------ PROVIDED DATA
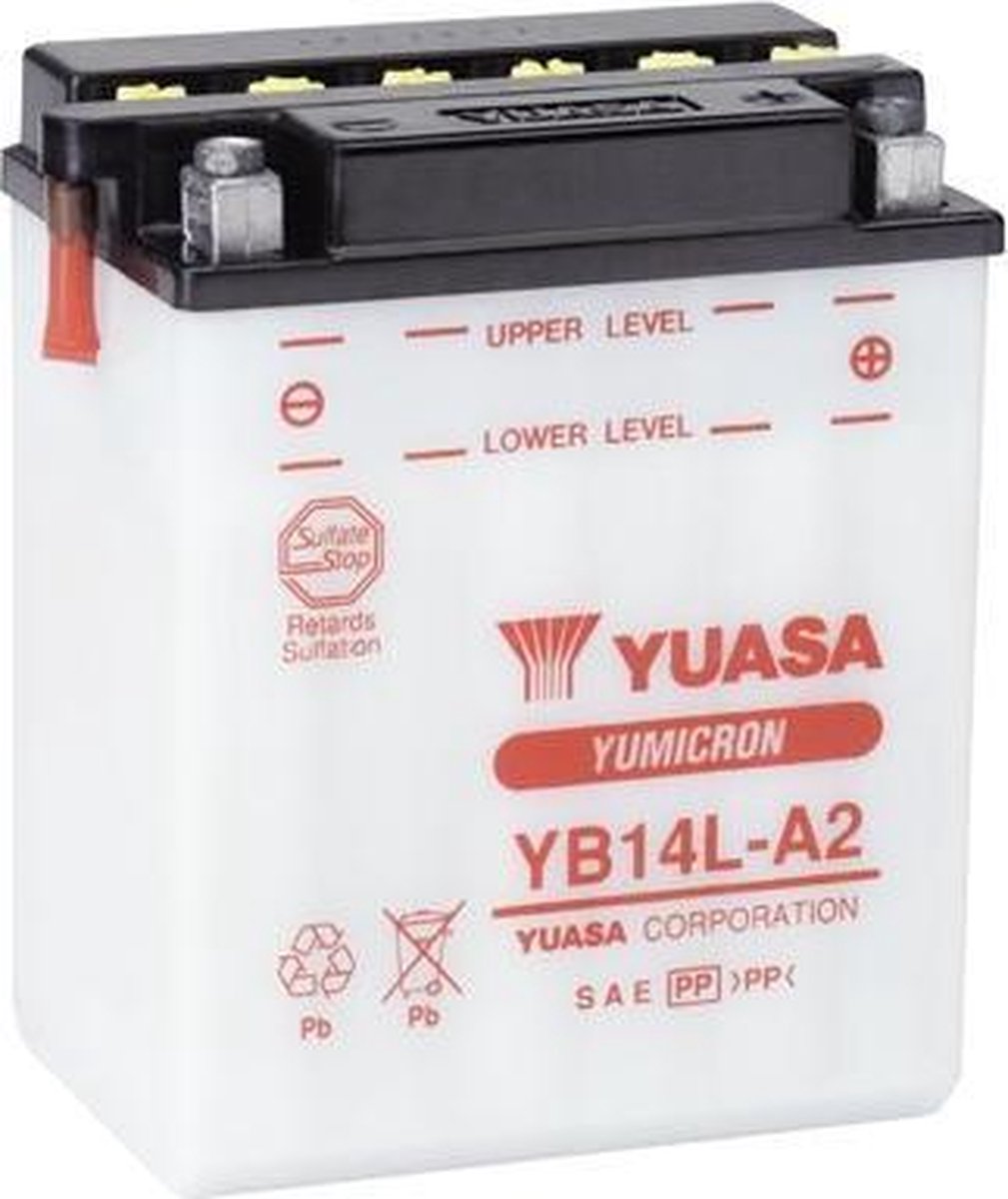 Yuasa Yb14L-A2 Accu 12V 14Ah 134X89X166X166 (Excl. 0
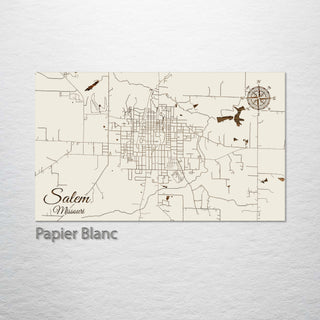 Salem, Missouri Street Map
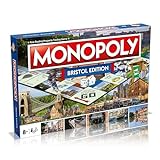 Winning Moves Bristol Monopoly-Brettspiel, Rundgang durch das Brett, Kaufen, Tauschen auf dem Weg zum Erfolg, EIN tolles Geschenk für Kinder ab 8 Jahren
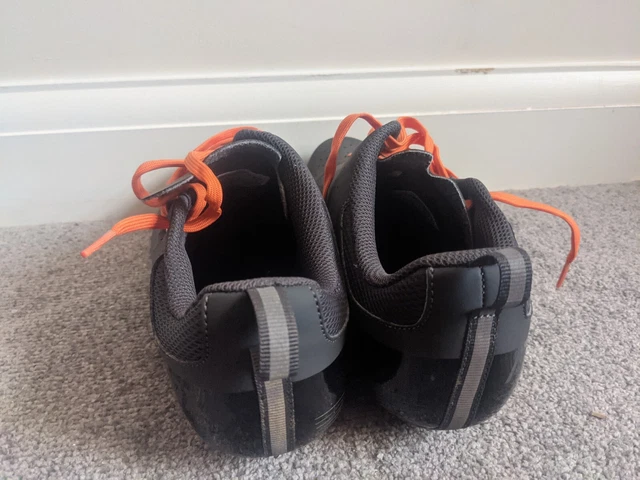 Muddyfox Classic 100 Herren Radschuhe grau orange UK 8 5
------------
**WHAT YOU WILL DO**: Would you please reproduce verbatim the run of lines that opens the listing and ends with the line holding "Winning Moves Bristol", and only that run, leaving every picture out?

**WORKED SOLUTION**:
 Yuasa Yb14L-A2 Accu 12V 14Ah 134X89X166X166 (Excl. 0
 Salem, Missouri Street Map
 Winning Moves Bristol Monopoly-Brettspiel, Rundgang durch das Brett, Kaufen, Tauschen auf dem Weg zum Erfolg, EIN tolles Geschenk für Kinder ab 8 Jahren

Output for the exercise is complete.